I tried to find a good link, but they are in his BSD history retrospective talks to
differing degrees. Sorry I don't have an exact reference.
Warner
===
UCB got a beta release (or early access) of the BBN
stack.
This is certainly true. There are four surviving BBN tapes in the CSRG archive, from
memory the first was from August 1981 and the last from early 1982. Again from memory, the
oldest SCCS entries for the rewrite are from Oct ’81. All of this is on Kirk’s DVD.
Indeed the first tape is early code, written to just interface with Arpanet IMP’s. Things
like routing are rudimentary or hard-coded, etc. This is all filled out by the time of the
last tape, which also includes a token ring driver (written by Noel Chiappa, if I remember
well).
There are two editions of Mike Muuss’ TCP-DIGEST mailing list with posts on performance
from Joy and Gurwitz respectively (both from late 1981):
https://groups.google.com/g/fa.tcp-ip/c/WNE_j4mAbAE/m/3nCB79uvNcUJ
https://groups.google.com/g/fa.tcp-ip/c/zfYZh-kRlMg/m/pl-5oLQtYxIJ
Jonathan Gray sent me a good link of one of Kirk’s talks that addresses this bit of
history:
https://youtu.be/DEEr6dT-4uQ?t=706
===
Maybe Kirk was using some hyperbole in that talk. As far as I can tell the main issues
were the below:
- BBN coded the checksum routine in C and it compiled badly. Even Joy's
hand-optimised version still took some 25% of CPU when traffic maxed out.
- The time-out constants were 2s and 5s. This makes sense for the Arpanet of the time. For
local ethernet this was changed to 0.2s and 0.5s.

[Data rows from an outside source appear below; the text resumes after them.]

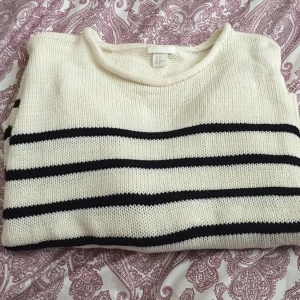  - Randig stickad tröja från hm, använd en gång så den är i väldigt bra skick. 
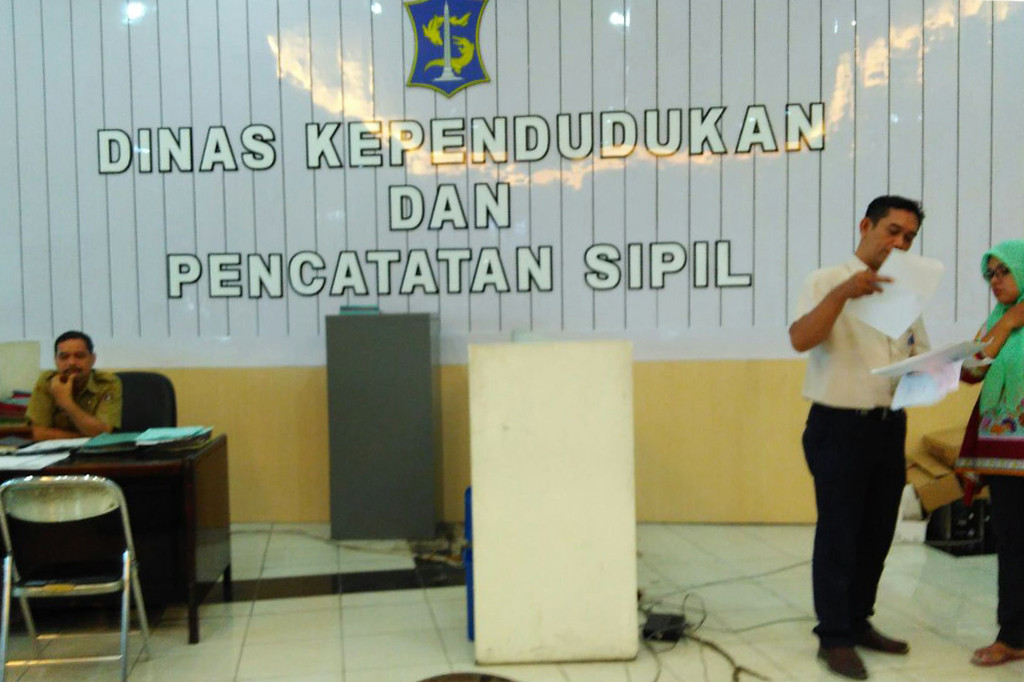 Pengurusan E-KTP di Surabaya Terkendala Jaringan Eror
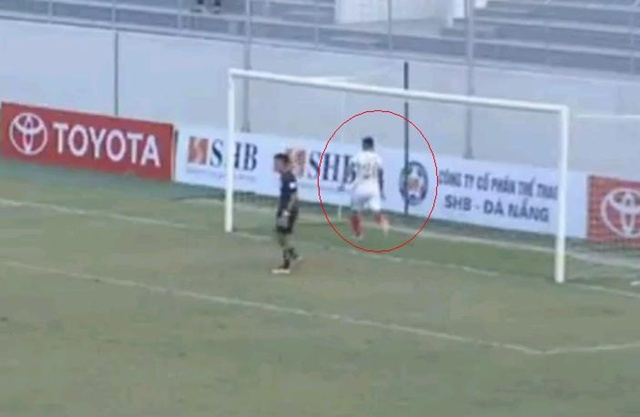 “Trò cưng” của Hữu Thắng bị khán giả chửi vì đá bóng thiếu tử tế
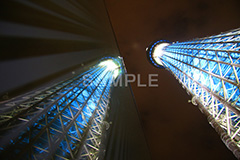 2本のスカイツリー,スカイツリー,東京スカイツリー,TOKYO SKYTREE,墨田区,押上,電波塔,634,634メートル,634m,塔,夜,ライトアップ,粋,ブルー,青,不思議,おもしろ写真,面白写真,2本,２本,映,真下,見上げ,tower,japan,タワー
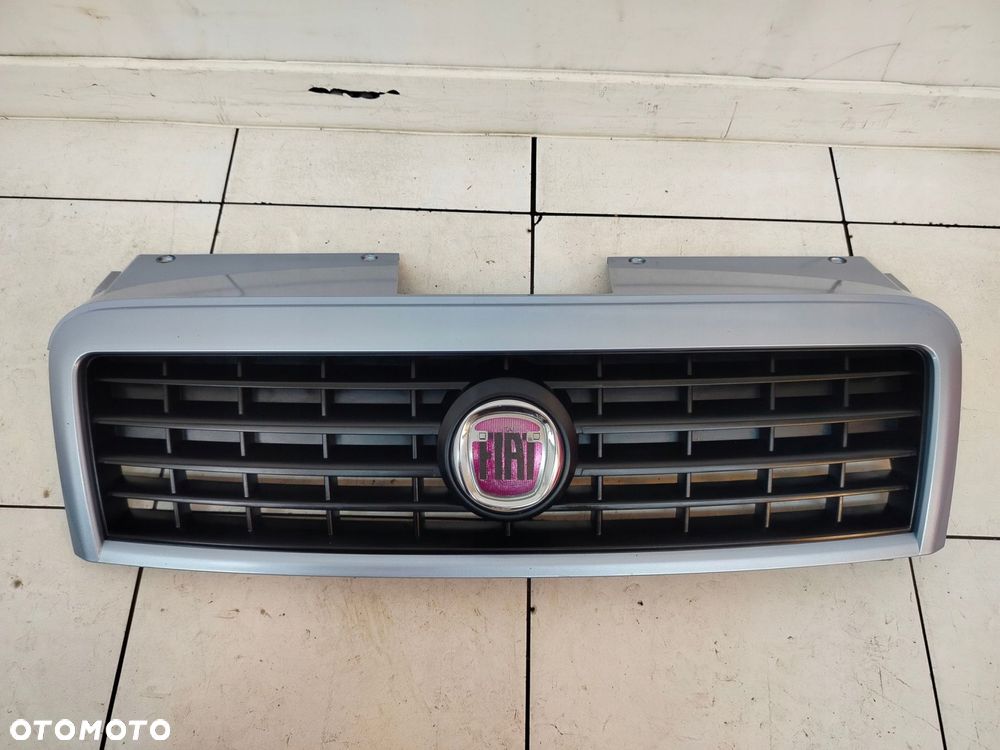 fiat doblo i lift 04r- grill atrapa chłodnicy 484 - 1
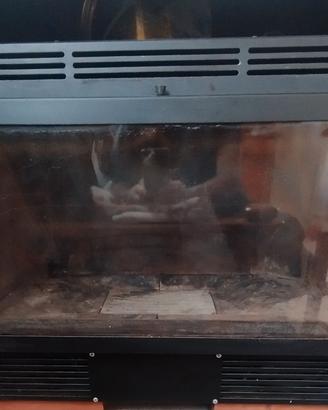 inserto camino a legna ventilato 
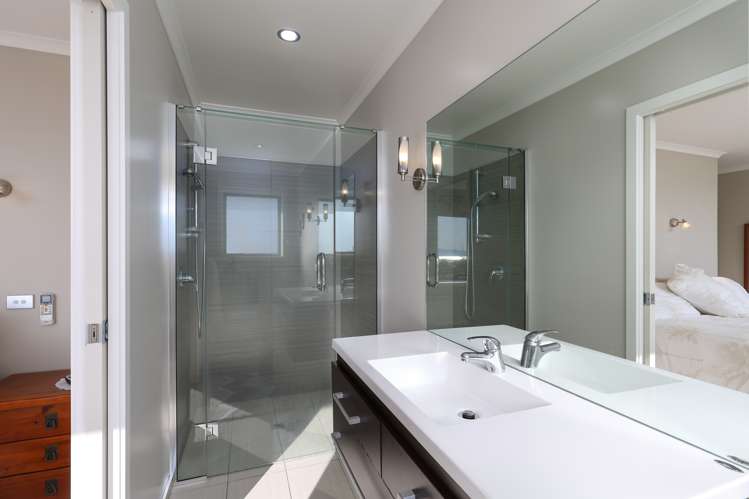 9 Berkshire Place Stoke_8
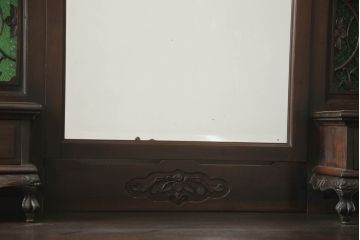 ドレッサーを綺麗に再生!高品質リペアを施し、割れや装飾の修復。天板の色褪せ部分は剥離し、現状の色味合わせた仕上げ。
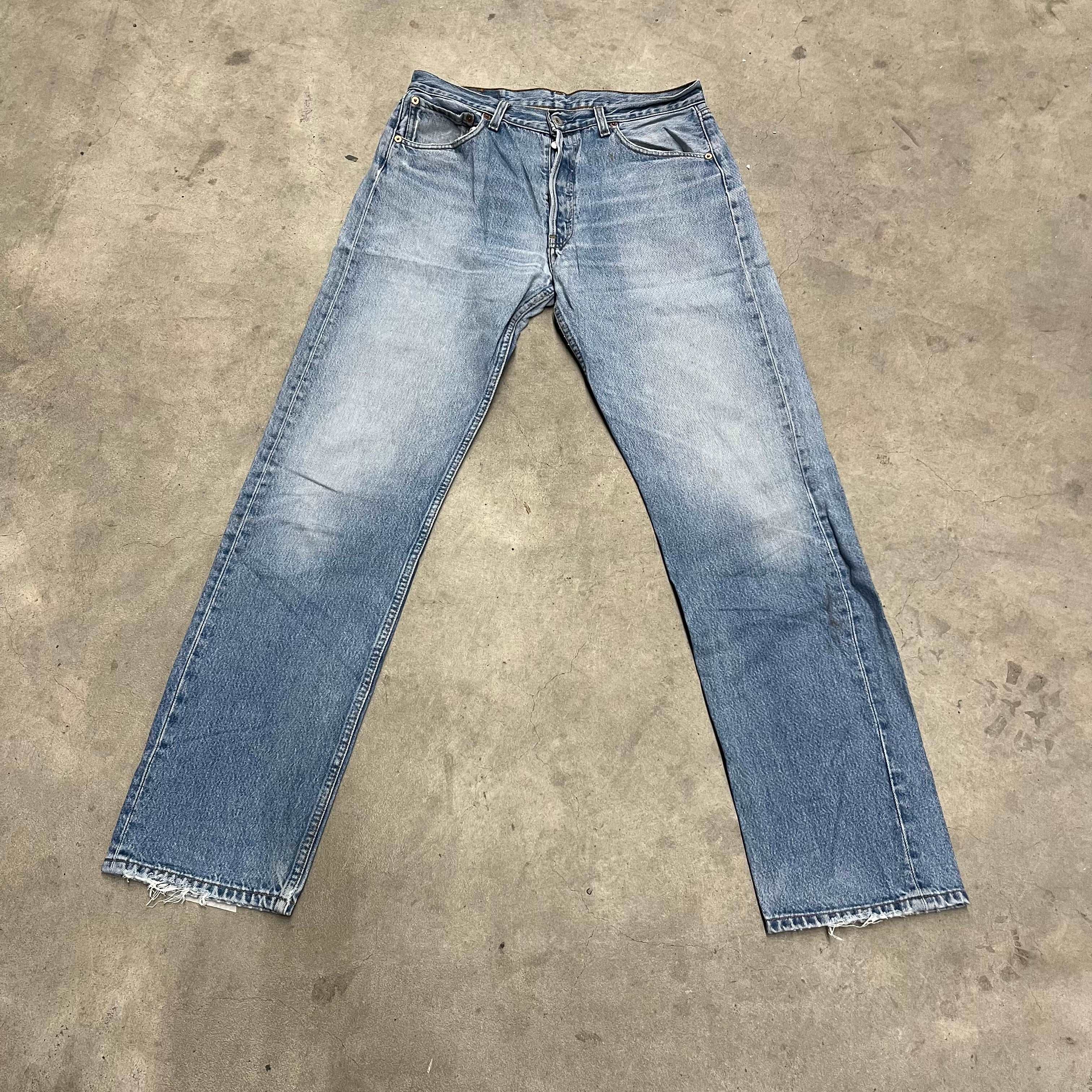 Vintage Levi’s 501 - W33 L34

- The BBN code used at lot of bit fields. This too compiled badly, and was later changed
to and/or with #define’d constants
- The BBN code took a very layered approach, often abstracting small bits of functionality
into a separate routine. Without compiler inlining and a somewhat slow VAX subroutine
mechanism this had a cost. Some of these functions where later changed to #define’s
instead of functions.
- Although Kirk singles out replacing the state machine with a big switch statement in the
above talk, I’m not sure this was a major performance boost. It is certainly the most
visible/recognisable change in the source though. Somehow, this seems to have become core
to the debate at the time (ref. the BBN talk at the Summer '84 Usenix conference).
Maybe I underestimate the impact of this aspect.
- The TCP management process ran as a kernel thread with normal scheduling. On a loaded
machine this meant that it could take seconds for this process to be scheduled again.
Changing this to a software interrupt mechanism (somewhat similar to the runrun flag,
although Joy appears to have credited VMS for the idea) made things more responsive and
avoided context switches.
Of all the above, it would seem to me that only the last point was fundamental to the
design. The other things appear relatively easy to fix.
===
Doug McIlroy wrote: "I recall expressions of surprise (dismay?) at the size of the
BSD internet code, but without it we'd have lost our place in the Unix
community."
An interesting question is how much of this size is unavoidable. Just counting file lines
(i.e. ‘wc -l’), 4.2BSD has some 2200 lines of TCP code (i.e. just the TCP part), the ‘82
BBN implementation 2400 lines, 8th edition had some 2400 lines, and the first version of
Plan9 some 2200 lines.
Some parts of TCP could perhaps be simplified (pseudo headers and ‘urgent' segments
come to mind), but not much. Maybe this is just the code size that it takes.
URP is smaller, but if I remember well it does not handle out-of-order packets or packet
duplicates (both of which do not occur in a (virtual) line switched context).
On the other hand, these sizes compare with 900 lines for the IL protocol in early Plan9.